(Work instructions): Copy the data exactly from the line that contains "abstrakte Quadrate Leggings (Rückseite)" through the line that contains "Immagine prodotto Stahlwerk", keeping both end lines and leaving out everything else.

(Data for this exercise):
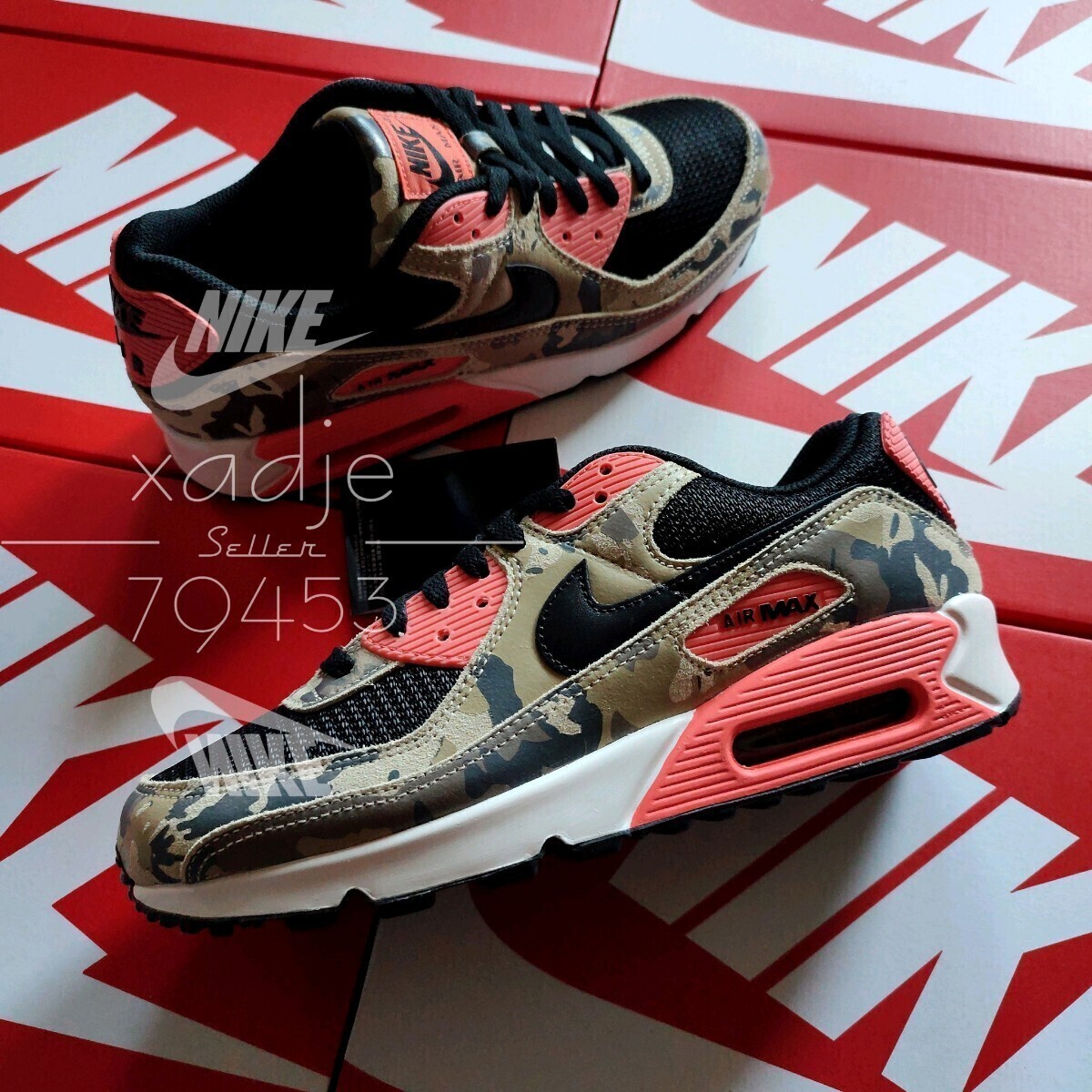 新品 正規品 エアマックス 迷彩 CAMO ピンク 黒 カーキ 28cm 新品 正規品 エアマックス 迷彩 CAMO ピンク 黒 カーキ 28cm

* * *

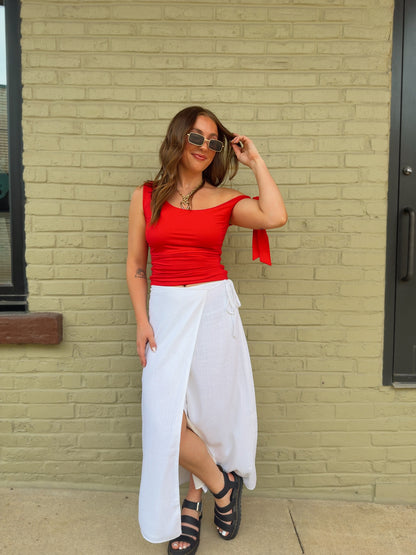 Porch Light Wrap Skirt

==

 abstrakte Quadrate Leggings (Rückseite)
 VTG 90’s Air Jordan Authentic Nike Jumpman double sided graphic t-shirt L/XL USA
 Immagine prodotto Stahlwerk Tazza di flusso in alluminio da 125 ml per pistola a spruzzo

(Answer below):
 abstrakte Quadrate Leggings (Rückseite)
 VTG 90’s Air Jordan Authentic Nike Jumpman double sided graphic t-shirt L/XL USA
 Immagine prodotto Stahlwerk Tazza di flusso in alluminio da 125 ml per pistola a spruzzo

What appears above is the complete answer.